● **Brief**: Transcribe exactly the line containing "File:Bilateral shoulder injuries" and the remaining lines of the listing below, through the very last.

● **Provided entries**:
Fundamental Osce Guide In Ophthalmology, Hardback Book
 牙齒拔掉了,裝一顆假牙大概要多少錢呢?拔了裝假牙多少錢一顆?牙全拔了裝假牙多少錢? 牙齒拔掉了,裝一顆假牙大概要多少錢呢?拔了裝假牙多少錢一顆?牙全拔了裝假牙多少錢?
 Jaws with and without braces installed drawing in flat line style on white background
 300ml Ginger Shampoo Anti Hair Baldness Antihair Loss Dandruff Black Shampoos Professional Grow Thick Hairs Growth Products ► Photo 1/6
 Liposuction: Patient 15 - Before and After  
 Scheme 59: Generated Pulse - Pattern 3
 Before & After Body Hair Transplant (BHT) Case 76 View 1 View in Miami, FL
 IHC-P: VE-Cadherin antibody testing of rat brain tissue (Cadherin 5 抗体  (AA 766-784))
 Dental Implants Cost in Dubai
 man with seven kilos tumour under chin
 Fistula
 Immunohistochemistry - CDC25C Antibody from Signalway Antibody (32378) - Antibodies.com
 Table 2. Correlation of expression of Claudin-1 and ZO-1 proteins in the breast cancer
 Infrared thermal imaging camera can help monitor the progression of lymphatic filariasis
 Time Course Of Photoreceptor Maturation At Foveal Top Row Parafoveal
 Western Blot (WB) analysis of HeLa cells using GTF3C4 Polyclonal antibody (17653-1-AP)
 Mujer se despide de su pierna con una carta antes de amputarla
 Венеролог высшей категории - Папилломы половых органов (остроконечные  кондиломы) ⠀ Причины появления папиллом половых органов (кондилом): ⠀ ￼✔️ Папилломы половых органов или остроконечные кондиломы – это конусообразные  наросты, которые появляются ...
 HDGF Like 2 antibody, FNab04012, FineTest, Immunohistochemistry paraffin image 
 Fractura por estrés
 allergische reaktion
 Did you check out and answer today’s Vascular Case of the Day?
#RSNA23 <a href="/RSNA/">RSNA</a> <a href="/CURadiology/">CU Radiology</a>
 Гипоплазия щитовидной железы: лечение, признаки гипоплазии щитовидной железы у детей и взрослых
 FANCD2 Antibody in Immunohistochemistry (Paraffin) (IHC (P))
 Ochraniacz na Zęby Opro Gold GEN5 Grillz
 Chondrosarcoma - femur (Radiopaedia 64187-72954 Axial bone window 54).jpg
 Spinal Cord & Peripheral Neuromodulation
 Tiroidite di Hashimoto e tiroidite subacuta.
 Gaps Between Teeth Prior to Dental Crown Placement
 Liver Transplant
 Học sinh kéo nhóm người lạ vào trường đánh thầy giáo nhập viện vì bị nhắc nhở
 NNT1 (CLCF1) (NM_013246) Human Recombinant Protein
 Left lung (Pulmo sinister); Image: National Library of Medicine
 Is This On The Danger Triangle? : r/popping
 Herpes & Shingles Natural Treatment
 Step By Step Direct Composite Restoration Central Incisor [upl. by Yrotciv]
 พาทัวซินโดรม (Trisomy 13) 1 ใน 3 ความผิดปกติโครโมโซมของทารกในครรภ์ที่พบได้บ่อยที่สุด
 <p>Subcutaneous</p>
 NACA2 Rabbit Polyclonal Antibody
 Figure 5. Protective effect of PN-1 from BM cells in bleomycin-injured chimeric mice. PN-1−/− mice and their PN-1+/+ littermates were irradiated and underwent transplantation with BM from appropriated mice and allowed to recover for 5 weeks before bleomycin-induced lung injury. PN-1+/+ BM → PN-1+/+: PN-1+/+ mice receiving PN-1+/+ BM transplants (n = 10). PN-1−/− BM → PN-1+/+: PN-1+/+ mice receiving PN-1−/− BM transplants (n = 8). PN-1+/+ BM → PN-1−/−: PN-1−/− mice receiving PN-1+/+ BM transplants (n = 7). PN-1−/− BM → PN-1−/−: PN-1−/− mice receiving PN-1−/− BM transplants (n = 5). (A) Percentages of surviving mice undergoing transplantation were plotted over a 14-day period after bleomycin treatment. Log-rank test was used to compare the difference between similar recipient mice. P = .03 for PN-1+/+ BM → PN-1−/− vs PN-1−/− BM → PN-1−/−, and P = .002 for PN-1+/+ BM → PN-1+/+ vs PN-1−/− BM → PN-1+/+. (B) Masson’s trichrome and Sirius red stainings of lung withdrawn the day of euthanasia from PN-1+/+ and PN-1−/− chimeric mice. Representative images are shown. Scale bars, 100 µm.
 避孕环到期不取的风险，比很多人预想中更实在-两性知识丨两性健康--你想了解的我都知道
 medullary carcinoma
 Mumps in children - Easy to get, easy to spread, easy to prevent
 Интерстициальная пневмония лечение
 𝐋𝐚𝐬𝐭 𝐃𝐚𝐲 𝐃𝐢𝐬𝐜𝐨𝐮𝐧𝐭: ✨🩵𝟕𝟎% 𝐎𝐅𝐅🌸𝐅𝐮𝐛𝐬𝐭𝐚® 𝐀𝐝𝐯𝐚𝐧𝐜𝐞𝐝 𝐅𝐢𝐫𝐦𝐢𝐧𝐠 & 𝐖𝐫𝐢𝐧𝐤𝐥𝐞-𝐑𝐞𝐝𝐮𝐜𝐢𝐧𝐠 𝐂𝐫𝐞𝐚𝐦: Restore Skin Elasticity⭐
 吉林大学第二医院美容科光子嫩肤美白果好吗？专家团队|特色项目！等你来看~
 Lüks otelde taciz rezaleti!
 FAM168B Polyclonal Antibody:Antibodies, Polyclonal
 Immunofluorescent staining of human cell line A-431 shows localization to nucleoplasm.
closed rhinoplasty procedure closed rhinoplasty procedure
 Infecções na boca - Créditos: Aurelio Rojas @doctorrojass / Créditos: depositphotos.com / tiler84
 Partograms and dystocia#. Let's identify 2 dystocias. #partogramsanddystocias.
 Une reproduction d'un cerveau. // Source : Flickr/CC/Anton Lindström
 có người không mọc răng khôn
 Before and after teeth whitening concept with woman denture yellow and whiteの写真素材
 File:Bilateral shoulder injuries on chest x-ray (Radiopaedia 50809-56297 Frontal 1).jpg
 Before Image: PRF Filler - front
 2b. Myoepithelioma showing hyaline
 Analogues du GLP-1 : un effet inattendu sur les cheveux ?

● **Output for this exercise**:
 File:Bilateral shoulder injuries on chest x-ray (Radiopaedia 50809-56297 Frontal 1).jpg
 Before Image: PRF Filler - front
 2b. Myoepithelioma showing hyaline
 Analogues du GLP-1 : un effet inattendu sur les cheveux ?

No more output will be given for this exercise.